Of the lines listed below, return exactly those that run from the line containing "Girren Astronaut Space" through the line containing "Image of The", both included.

*EXERCISE DATA:*
####################

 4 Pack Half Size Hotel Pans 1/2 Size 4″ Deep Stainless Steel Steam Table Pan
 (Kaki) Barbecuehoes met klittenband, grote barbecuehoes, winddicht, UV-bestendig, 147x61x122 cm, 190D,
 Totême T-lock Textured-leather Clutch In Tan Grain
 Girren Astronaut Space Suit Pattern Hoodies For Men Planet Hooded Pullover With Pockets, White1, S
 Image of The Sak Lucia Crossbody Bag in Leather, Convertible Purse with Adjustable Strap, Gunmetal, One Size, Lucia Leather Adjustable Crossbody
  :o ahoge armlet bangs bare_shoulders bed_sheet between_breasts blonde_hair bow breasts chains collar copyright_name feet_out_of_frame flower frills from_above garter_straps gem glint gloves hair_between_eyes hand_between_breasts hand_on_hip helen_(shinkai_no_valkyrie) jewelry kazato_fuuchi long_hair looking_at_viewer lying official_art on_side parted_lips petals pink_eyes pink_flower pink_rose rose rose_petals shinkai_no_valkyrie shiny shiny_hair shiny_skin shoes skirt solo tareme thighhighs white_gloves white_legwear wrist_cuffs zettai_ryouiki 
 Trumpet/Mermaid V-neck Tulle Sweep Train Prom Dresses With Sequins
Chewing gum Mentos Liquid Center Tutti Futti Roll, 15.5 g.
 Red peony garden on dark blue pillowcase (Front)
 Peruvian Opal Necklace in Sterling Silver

####################

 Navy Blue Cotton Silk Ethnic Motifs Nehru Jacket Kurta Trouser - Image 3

####################

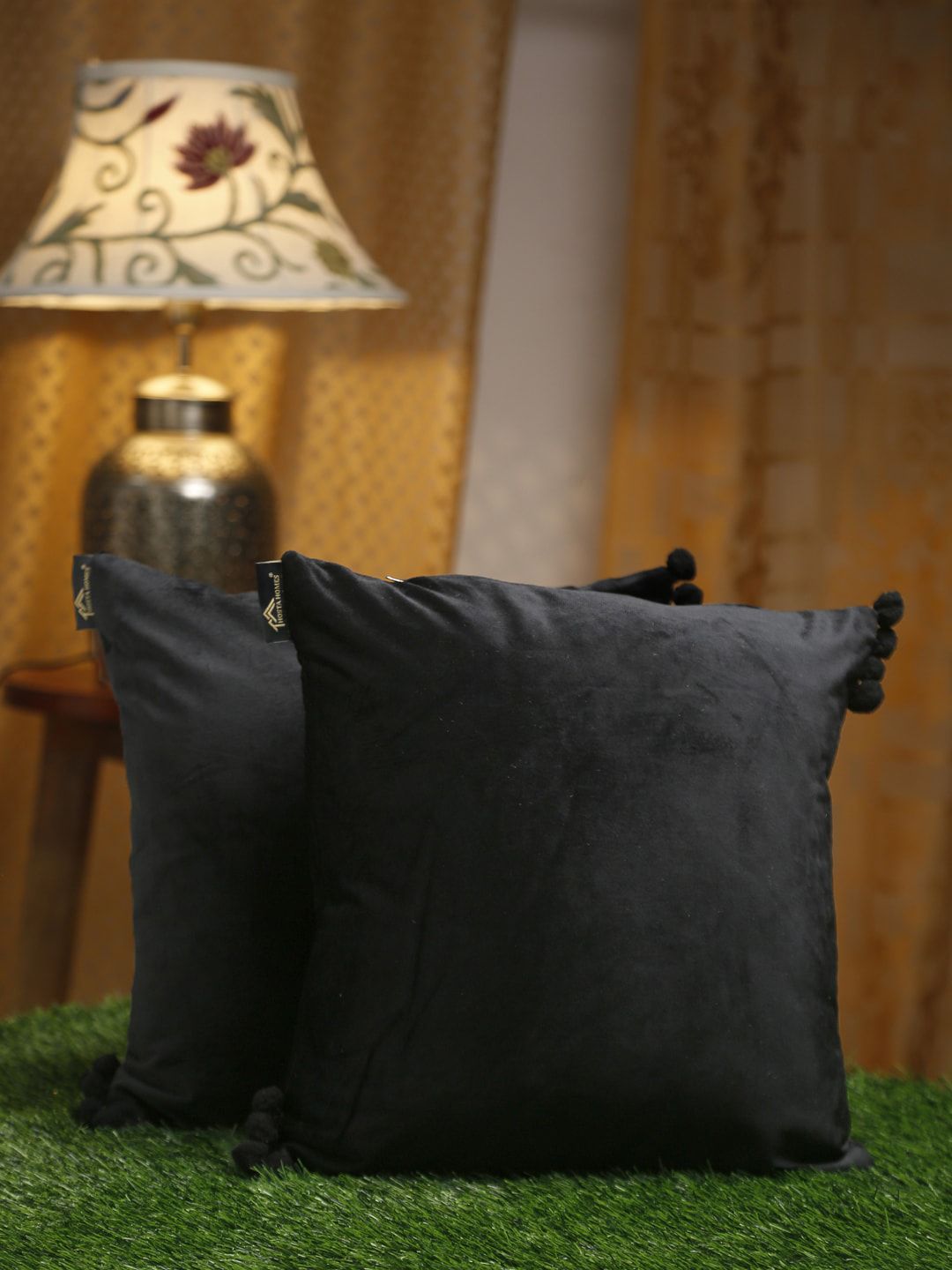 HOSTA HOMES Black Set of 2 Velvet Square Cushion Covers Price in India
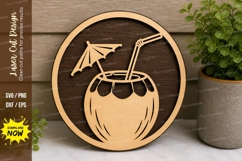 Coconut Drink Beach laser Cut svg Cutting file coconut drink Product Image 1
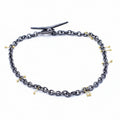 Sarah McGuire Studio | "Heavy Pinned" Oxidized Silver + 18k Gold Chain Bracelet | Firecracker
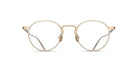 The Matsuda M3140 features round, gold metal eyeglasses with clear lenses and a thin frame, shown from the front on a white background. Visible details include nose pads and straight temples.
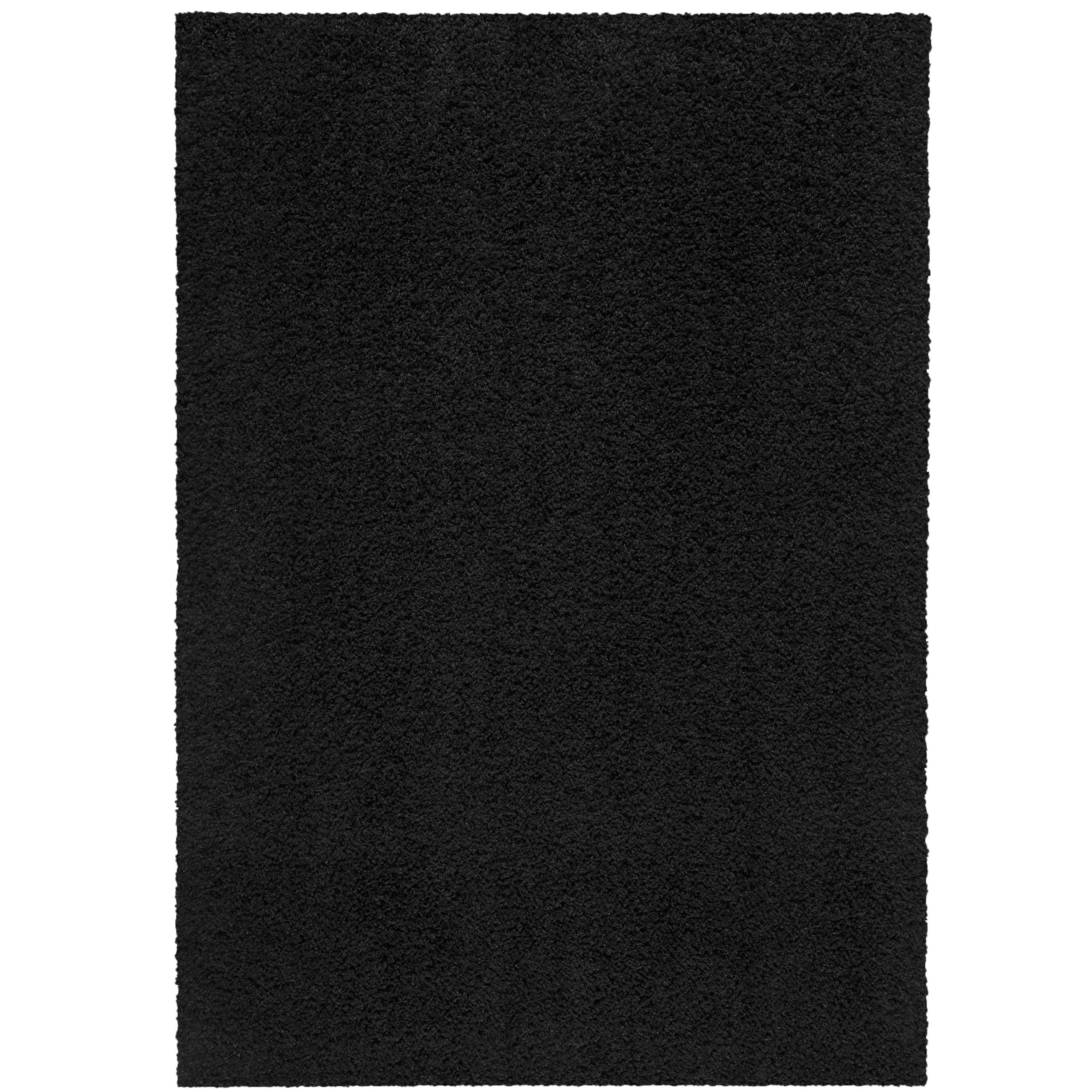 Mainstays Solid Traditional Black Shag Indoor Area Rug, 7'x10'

####################

*TASK OUTPUT:*
 Girren Astronaut Space Suit Pattern Hoodies For Men Planet Hooded Pullover With Pockets, White1, S
 Image of The Sak Lucia Crossbody Bag in Leather, Convertible Purse with Adjustable Strap, Gunmetal, One Size, Lucia Leather Adjustable Crossbody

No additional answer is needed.